First, the shareholder loan rule does not apply if you repay the loan in full by the end of the next taxation year of the corporation following the year in which the loan is made. This gives you almost two years to repay.
For example, say your corporation has a calendar taxation year (ending December 31). If you receive a loan from the corporation in January 2020 and repay it by the end of December 2021, the rule does not apply.
However, this exception does not apply if the repayment is part of a series of loans and repayments. For example, if you repay the loan in December 2021 and the corporation lends you more funds in January 2022, this exception likely will not apply.
Second, the shareholder loan rule does not apply if the corporation gives you the loan as part of its ordinary business of lending money, and there are “bona fide arrangements” for you to repay the loan within a reasonable time.
A third exception applies if you are both a shareholder and employee of the corporation. This exception applies if:
You are not a “specified employee” of the corporation, generally meaning you own less than 10% of the shares of any class in the corporation. For these purposes, you are deemed to own shares owned by non-arm’s length persons. For example, if you are an employee of the corporation and own 9% of a class of shares and your spouse owns 2% of the same class, you will be a specified employee; or
Regardless of whether you are a specified employee, you use the loan to purchase a home, new shares in the corporation, or a motor vehicle to be used in the course of your employment.
Additionally, for this exception to apply, it must be reasonable to conclude that you received the loan because of your employment with the corporation rather than your shareholdings in the corporation, and there must be bona fide arrangements for you to repay the loan within a reasonable time.
Repayment of loan
If a loan was included in your income under the above rules, you can deduct any amount you repay to the corporation for the year during which you make the repayment. This deduction is not allowed if the repayment is a series of repayments and loans. Again, for example, if you repay the loan and the corporation simply lends you money again shortly afterwards, the deduction likely will not be allowed.
Deemed interest benefit?
If you fall within one of the exceptions, such that the shareholder loan rule does not apply, you are not necessarily out of the woods. If the loan does not carry an interest rate that is equal to or greater than the “prescribed rate” under the Income Tax Act, you will normally have to include in your income a deemed interest benefit.
The deemed interest benefit for a taxation year equals the prescribed rate that applies during the year on the outstanding amount of the loan, minus the interest you actually pay on the loan within the year or by January 30 of the following year.
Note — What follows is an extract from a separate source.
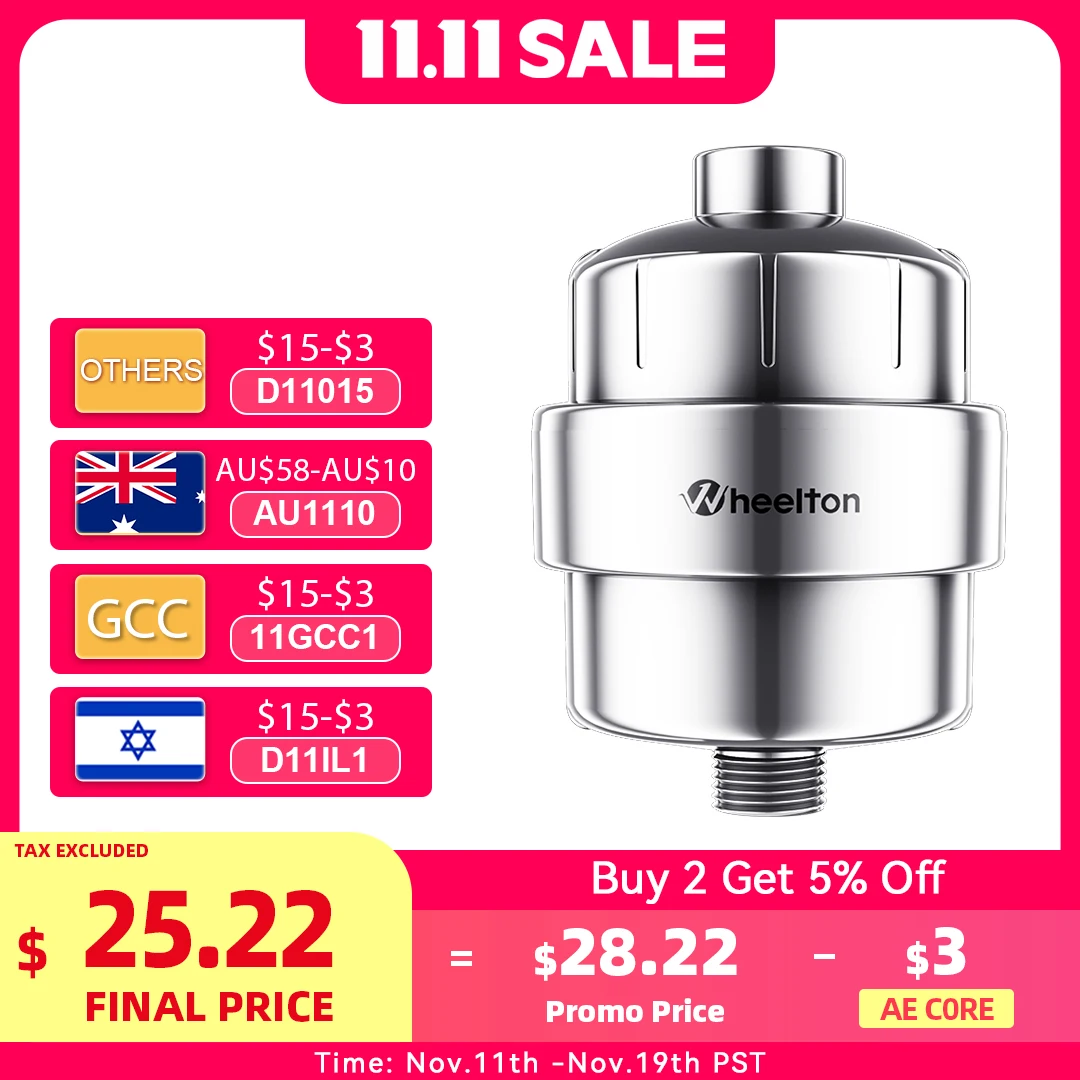 

Shower Water Purify Filter 16 Stages bath Filtration Activated Carbon Reduce Chlorine And Fluoride Vitamin C Shower Water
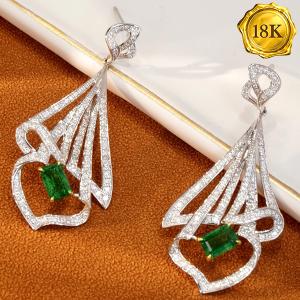 LUXURY COLLECTION ! 1.12 CT GENUINE EMERALD & 0.96 CT GENUINE DIAMOND 18KT SOLID GOLD EARRINGS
The prescribed rate is set each calendar quarter and therefore can change over the course of a year. The prescribed rate is currently 1%. The prescribed rate tends to be quite low, as is it based on Federal 90-day treasury bill interest rates, which are relatively low.
You receive a $100,000 loan from your corporation on January 1. You fall within one of the shareholder loan exceptions described above, so that rule does not apply. However, the loan is interest-free. You do not repay any of the loan in the year.
Suppose the prescribed rate of interest is 1% for the first two quarters of the year and 2% for the last two quarters of the year.
Rounding off to keep numbers simple, you will include in income:
$100,000 x 1% x ½ (since the 1% rate only applied to the first half of the year) = $500, plus
$100,000 x 2% x ½ (for the second half of the year) = $1,000.